HED schema developer’s guide

A HED schema is a structured vocabulary of terms that can be used in HED annotations. The HED standard schema contains basic terms that are common across most human neuroimaging, behavioral, and physiological experiments. The HED ecosystem also supports HED library schemas to expand the HED vocabulary in a scalable manner to support specialized data annotations.

This guide describes how to begin developing your own library schema or contribute to existing HED vocabularies. If you have questions about how to get started, please post an issue on the hed-schemas issues GitHub forum or email the HED maintainers. The HED Working Group would be happy to give you technical guidance in getting started and working through the process to final release.

More detailed information is available in the Library schemas chapter of the HED specification.

Details about syntax are available in the Schema formats section and the Schema format details chapter of the HED specification.

Schema design basics

A HED schema is structured as a set of trees, each of which corresponds to a major term category for the vocabulary.
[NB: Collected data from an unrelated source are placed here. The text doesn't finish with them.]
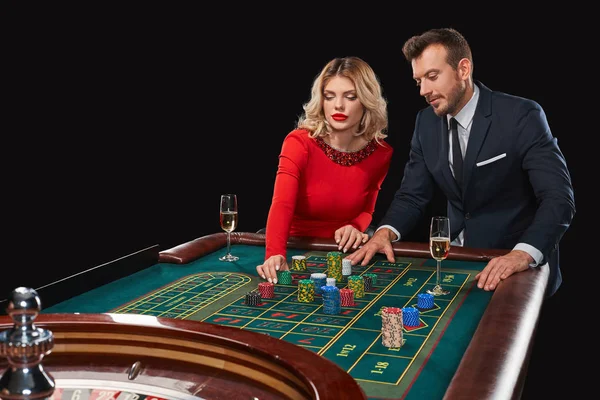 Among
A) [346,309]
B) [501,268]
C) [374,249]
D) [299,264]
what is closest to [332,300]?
[346,309]

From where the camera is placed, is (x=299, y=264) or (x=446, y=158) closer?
(x=299, y=264)

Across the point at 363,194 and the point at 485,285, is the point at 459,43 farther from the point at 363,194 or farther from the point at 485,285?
the point at 485,285

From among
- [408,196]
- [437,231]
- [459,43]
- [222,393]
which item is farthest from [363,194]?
[222,393]

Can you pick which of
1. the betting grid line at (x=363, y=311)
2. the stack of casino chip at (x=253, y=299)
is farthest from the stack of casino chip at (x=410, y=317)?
the stack of casino chip at (x=253, y=299)

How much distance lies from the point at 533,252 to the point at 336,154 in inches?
48.2

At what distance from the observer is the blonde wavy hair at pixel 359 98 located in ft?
12.0

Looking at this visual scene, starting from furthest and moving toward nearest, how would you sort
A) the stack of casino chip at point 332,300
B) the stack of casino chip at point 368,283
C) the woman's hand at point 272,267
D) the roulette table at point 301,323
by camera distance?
1. the woman's hand at point 272,267
2. the stack of casino chip at point 368,283
3. the stack of casino chip at point 332,300
4. the roulette table at point 301,323

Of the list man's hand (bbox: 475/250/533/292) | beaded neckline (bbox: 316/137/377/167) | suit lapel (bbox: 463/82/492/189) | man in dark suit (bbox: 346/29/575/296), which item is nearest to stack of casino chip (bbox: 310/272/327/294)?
man's hand (bbox: 475/250/533/292)

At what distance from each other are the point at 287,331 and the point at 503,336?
59 centimetres

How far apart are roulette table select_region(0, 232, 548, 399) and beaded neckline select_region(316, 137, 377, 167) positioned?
0.56 metres

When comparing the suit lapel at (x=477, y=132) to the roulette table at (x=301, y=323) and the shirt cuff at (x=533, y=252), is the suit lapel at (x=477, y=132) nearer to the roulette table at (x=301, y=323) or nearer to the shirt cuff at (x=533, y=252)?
the roulette table at (x=301, y=323)

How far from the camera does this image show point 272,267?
279 centimetres

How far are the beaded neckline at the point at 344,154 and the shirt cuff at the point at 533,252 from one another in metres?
1.12

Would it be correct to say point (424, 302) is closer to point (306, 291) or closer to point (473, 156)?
point (306, 291) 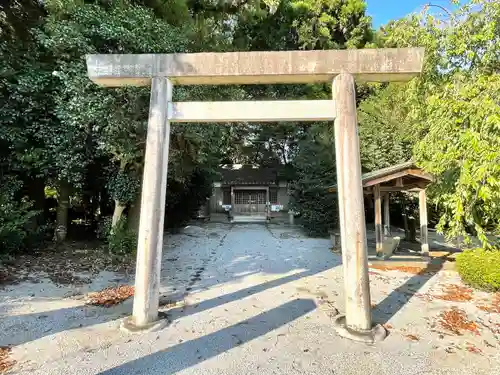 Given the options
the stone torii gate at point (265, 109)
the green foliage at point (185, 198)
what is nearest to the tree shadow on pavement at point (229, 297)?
the stone torii gate at point (265, 109)

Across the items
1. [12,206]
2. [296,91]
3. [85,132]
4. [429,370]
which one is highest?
[296,91]

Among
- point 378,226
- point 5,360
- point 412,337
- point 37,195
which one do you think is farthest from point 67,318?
point 378,226

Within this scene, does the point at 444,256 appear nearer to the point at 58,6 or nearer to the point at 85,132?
the point at 85,132

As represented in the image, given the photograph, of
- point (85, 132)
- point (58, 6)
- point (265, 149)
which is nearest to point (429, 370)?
point (85, 132)

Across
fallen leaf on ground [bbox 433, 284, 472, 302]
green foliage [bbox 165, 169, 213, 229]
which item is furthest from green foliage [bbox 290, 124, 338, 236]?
fallen leaf on ground [bbox 433, 284, 472, 302]

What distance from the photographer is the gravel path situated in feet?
10.5

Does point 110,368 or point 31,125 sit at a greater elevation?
point 31,125

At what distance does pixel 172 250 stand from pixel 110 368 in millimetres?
7000

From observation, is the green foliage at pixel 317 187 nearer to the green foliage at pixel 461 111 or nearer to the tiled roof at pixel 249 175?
the green foliage at pixel 461 111

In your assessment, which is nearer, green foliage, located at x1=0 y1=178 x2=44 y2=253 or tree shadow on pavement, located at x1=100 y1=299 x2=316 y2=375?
tree shadow on pavement, located at x1=100 y1=299 x2=316 y2=375

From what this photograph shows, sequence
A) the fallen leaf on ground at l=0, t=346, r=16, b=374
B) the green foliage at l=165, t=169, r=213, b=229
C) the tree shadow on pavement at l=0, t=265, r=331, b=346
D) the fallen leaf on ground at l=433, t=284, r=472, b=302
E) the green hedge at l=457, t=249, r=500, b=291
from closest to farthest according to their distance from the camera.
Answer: the fallen leaf on ground at l=0, t=346, r=16, b=374 < the tree shadow on pavement at l=0, t=265, r=331, b=346 < the fallen leaf on ground at l=433, t=284, r=472, b=302 < the green hedge at l=457, t=249, r=500, b=291 < the green foliage at l=165, t=169, r=213, b=229

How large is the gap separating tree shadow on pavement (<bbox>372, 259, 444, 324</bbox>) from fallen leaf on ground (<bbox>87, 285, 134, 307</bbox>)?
3954 millimetres

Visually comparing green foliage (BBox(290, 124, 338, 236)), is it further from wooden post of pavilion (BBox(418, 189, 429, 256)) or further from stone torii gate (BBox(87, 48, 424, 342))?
stone torii gate (BBox(87, 48, 424, 342))

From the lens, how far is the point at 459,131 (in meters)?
5.02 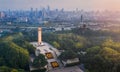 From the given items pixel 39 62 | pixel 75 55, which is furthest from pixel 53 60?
pixel 39 62

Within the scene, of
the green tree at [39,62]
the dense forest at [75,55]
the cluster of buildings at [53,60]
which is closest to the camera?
the dense forest at [75,55]

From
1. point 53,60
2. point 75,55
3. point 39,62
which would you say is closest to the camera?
point 39,62

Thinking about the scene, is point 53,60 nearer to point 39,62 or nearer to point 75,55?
point 75,55

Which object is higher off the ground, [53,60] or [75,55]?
[75,55]

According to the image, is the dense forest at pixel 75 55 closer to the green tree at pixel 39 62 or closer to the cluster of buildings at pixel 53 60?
the cluster of buildings at pixel 53 60

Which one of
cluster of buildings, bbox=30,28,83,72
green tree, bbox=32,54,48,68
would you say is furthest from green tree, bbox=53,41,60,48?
green tree, bbox=32,54,48,68

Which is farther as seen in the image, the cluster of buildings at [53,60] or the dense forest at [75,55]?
the cluster of buildings at [53,60]

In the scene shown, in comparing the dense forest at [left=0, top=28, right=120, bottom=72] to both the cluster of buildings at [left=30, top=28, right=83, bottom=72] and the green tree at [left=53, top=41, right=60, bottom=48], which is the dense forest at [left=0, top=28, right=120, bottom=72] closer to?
the green tree at [left=53, top=41, right=60, bottom=48]

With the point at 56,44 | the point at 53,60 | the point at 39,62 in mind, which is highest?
the point at 56,44

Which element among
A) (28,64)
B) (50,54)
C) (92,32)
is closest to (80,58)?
(50,54)

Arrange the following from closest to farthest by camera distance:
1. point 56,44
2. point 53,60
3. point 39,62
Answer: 1. point 39,62
2. point 53,60
3. point 56,44

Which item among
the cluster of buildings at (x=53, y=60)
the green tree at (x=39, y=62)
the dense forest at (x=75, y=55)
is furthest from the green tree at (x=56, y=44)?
the green tree at (x=39, y=62) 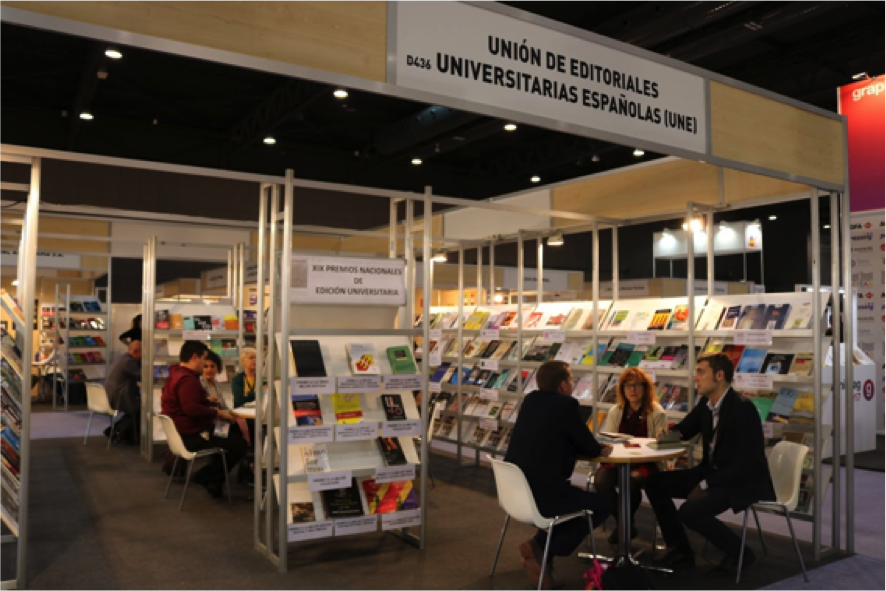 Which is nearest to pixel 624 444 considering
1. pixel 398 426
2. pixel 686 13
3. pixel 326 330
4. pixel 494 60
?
pixel 398 426

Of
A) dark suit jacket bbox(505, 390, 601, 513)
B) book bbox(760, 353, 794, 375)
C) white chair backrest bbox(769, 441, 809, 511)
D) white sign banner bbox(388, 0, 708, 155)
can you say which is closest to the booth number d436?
white sign banner bbox(388, 0, 708, 155)

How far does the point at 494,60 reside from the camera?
3078mm

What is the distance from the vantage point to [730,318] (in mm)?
5406

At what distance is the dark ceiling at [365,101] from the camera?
7.95 m

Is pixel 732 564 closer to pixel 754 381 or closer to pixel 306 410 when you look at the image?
pixel 754 381

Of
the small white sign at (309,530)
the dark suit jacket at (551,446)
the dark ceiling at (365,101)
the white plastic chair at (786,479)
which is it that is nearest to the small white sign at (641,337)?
the white plastic chair at (786,479)

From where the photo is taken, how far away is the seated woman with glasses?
4.76 metres

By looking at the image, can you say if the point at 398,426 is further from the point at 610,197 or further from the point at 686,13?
the point at 686,13

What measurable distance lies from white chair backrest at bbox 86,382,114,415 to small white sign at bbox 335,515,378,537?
5145 millimetres

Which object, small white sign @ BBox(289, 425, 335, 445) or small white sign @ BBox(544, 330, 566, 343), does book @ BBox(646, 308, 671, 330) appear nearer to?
small white sign @ BBox(544, 330, 566, 343)

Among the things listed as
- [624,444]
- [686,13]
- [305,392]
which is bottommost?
[624,444]

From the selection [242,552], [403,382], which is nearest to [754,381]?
[403,382]

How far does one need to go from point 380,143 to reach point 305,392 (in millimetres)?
9358

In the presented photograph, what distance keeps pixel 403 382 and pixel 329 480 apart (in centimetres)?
79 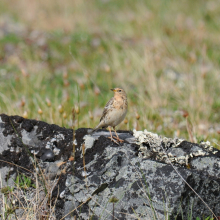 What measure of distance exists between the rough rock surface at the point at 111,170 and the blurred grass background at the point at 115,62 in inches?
38.5

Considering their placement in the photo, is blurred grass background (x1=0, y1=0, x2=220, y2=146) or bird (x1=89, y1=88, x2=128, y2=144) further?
blurred grass background (x1=0, y1=0, x2=220, y2=146)

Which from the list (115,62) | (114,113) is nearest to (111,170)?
(114,113)

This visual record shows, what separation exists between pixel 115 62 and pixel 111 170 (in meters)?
7.41

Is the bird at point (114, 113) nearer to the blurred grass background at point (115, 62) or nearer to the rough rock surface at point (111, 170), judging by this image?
the blurred grass background at point (115, 62)

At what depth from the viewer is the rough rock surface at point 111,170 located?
3154 millimetres

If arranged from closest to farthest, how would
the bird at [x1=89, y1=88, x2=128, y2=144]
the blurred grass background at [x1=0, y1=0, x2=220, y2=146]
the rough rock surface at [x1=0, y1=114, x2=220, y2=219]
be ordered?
the rough rock surface at [x1=0, y1=114, x2=220, y2=219], the bird at [x1=89, y1=88, x2=128, y2=144], the blurred grass background at [x1=0, y1=0, x2=220, y2=146]

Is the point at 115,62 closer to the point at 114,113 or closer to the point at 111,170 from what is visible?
the point at 114,113

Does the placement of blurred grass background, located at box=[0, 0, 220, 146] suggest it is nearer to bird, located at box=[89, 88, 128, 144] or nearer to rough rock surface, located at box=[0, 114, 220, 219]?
bird, located at box=[89, 88, 128, 144]

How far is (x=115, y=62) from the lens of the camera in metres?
10.5

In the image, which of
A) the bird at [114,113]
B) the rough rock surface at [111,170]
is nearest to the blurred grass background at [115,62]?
the bird at [114,113]

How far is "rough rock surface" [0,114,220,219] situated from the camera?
3154 mm

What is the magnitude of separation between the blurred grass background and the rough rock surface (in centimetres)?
98

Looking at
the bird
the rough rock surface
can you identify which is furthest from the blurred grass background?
the rough rock surface

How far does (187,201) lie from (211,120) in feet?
14.3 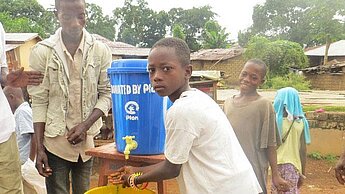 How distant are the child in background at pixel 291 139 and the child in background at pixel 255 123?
309mm

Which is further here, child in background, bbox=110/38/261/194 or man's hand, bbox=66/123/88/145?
man's hand, bbox=66/123/88/145

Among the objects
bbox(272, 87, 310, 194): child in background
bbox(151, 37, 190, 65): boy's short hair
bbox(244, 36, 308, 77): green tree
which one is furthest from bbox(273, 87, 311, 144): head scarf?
bbox(244, 36, 308, 77): green tree

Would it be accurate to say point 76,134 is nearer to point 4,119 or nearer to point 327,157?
point 4,119

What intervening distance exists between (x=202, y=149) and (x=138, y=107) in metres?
0.39

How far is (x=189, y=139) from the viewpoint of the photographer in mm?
1627


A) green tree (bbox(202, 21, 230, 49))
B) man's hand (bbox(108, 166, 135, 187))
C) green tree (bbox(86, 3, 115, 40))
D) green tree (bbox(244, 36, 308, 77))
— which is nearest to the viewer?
man's hand (bbox(108, 166, 135, 187))

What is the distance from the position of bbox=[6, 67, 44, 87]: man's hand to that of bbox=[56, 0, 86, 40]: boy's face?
0.30 m

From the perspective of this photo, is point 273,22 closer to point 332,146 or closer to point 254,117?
point 332,146

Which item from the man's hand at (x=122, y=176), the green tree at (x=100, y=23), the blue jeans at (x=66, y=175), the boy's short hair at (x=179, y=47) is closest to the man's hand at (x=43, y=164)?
the blue jeans at (x=66, y=175)

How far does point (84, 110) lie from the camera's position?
92.7 inches

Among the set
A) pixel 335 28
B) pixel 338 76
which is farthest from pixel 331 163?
pixel 335 28

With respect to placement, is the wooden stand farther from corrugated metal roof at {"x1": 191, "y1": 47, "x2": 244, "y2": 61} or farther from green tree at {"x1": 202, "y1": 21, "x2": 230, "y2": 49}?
green tree at {"x1": 202, "y1": 21, "x2": 230, "y2": 49}

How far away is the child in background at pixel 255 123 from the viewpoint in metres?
2.98

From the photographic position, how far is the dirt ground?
18.7 ft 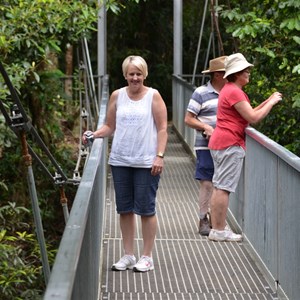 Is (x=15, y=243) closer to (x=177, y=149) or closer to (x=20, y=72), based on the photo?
(x=20, y=72)

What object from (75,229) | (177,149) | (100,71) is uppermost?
(75,229)

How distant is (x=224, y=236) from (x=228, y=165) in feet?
2.61

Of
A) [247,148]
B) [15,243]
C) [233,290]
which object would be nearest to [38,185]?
[15,243]

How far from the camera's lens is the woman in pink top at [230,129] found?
8211mm

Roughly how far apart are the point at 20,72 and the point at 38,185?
192 inches

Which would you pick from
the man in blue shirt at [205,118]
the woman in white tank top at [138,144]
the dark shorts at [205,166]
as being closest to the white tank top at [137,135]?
the woman in white tank top at [138,144]

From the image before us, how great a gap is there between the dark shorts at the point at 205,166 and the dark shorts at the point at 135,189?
1.74 metres

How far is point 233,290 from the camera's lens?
7.32 meters

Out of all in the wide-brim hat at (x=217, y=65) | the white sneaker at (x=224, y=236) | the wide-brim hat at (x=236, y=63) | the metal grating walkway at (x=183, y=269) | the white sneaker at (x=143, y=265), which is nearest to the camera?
the metal grating walkway at (x=183, y=269)

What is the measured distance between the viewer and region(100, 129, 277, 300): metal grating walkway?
284 inches

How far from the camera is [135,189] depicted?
24.0ft

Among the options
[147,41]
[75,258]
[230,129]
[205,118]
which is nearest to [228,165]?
[230,129]

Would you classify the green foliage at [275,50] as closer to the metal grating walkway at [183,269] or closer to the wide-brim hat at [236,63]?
the metal grating walkway at [183,269]

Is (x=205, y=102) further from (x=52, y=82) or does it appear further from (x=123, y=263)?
(x=52, y=82)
Before developing a schema, you should explore the standard schema and other available schemas using the HED Schema Viewer. Major categories unfold into multiple levels of subcategories, which allow for fine-grained data-annotation, as illustrated in the excerpt a screenshot of the HED schema browser viewing HED standard schema version 8.2.0.

Clap-hands tag in standard schema

The text box on the right shows the details of the tag your cursor is hovering over, in this case the Clap-hands tag.
The Clap-hands tag is in the Action subtree, but is 3 levels down:

ActionCommunicateCommunicate-gesturallyClap-hands

Notice that each level down gives a more specific instance of its parent node. The Clap-hands tag is the short form of the tag, while the full path in the schema tree:

Action/Communicate/Communicate-gesturally/Clap-hands

is called the long-form.

Top-level as categories

As a vocabulary designer, you should think about the major categories that are appropriate for your schema in selecting top-level nodes to anchor your schema’s major categories. For example, the standard schema has the following top-level tags: Event, Agent, Action, Item, Property, and Relation.

Is-a

An important feature of HED schemas is that each child (path successor) extends or specializes its parent (predecessor) in the hierarchy. Thus, Clap-hands is a type of Communicate-gesturally action. The is-a relationship between a child term and its ancestors in the hierarchy is fundamental to HED and enables search generality: a search for Communicate-gesturally will return annotations that contain any of this tag’s descendants (e.g., tags such as Nod-head, Pump-fist, etc.).

Orthogonal design

Independent terms should be part of different subtrees in the schema. This is specifically relevant for terms that represent properties. Left-handed is not a type of Item/Biological-item/Organism/Human, but a characteristic of such an Item. Left-handed is a type of Property Conflating properties with subcategories breaks search generality.

Uniqueness and forms

All tags (vocabulary terms) in a HED schema must define a unique concept. The tags themselves must be unique as well, so the short-form Clap-hands uniquely specifies the term, as does any partial path: Communicate-gesturally/Clap-hands, Communicate/Communicate-gesturally/Clap-hands and Action/Communicate/Communicate-gesturally/Clap-hands.

Choosing tag names

Each individual tag in your vocabulary must stand by itself — that is, its meaning should be clear. Tags must be unique and must be distinct from the tags in the standard schema. You should also try to avoid overlap with tags from other libraries if possible.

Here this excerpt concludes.